DATA SEGMENT:
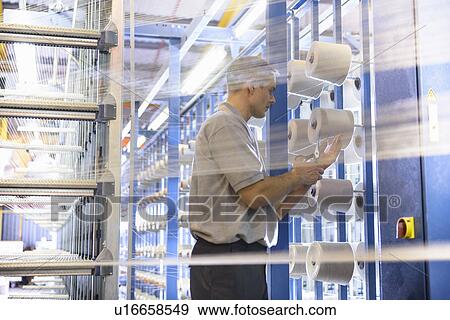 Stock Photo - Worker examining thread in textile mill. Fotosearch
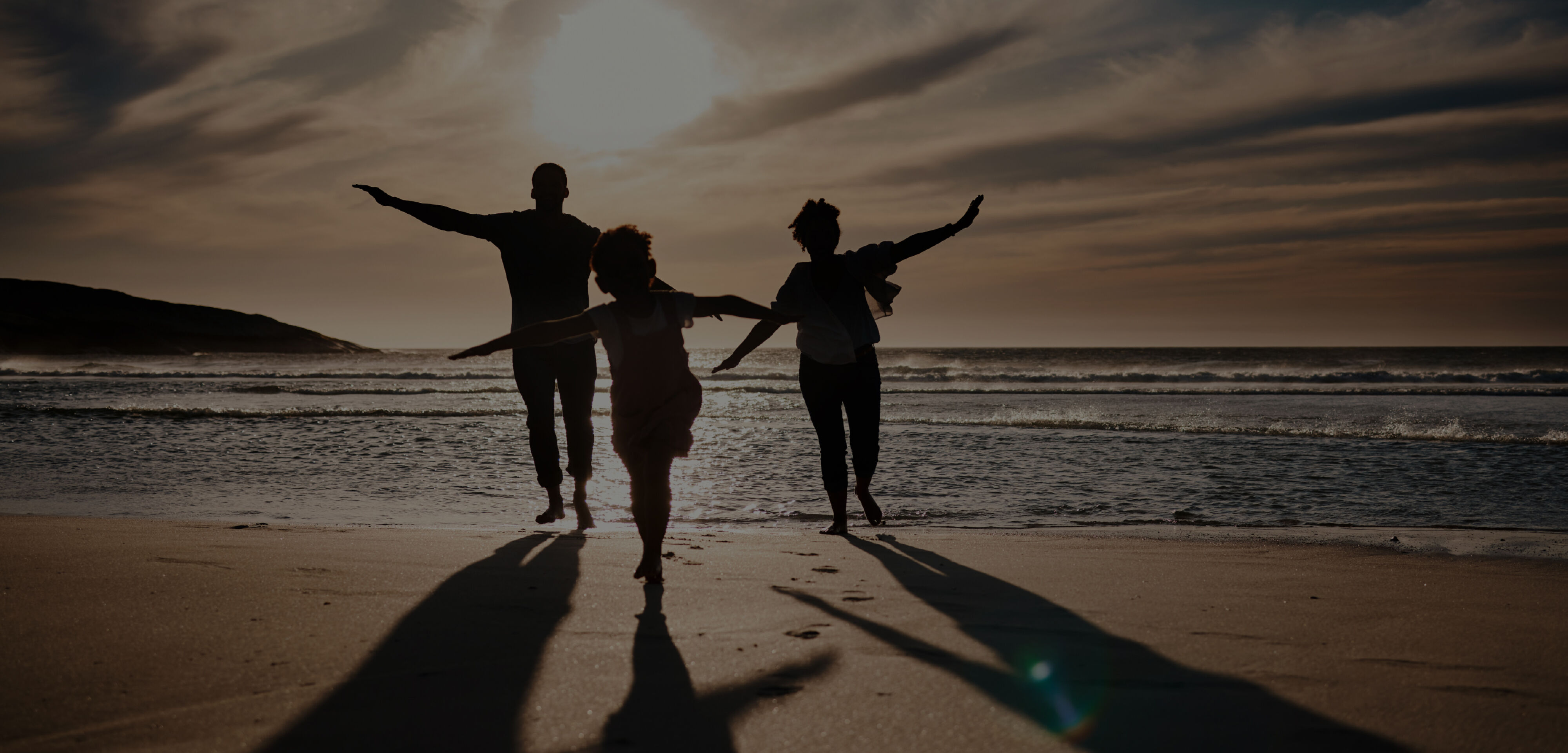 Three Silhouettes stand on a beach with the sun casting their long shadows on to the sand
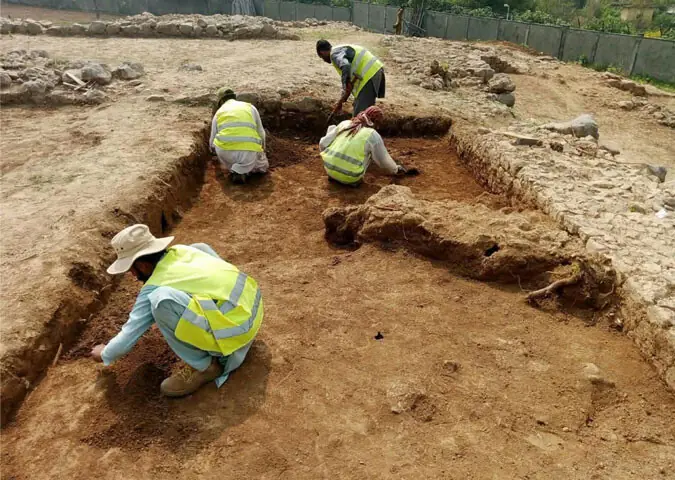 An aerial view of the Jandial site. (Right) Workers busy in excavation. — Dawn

ACTIVITY: Could the data above be reproduced exactly, with the pictures left out?

ANSWER SECTION:
 Stock Photo - Worker examining thread in textile mill. Fotosearch
 Three Silhouettes stand on a beach with the sun casting their long shadows on to the sand
 An aerial view of the Jandial site. (Right) Workers busy in excavation. — Dawn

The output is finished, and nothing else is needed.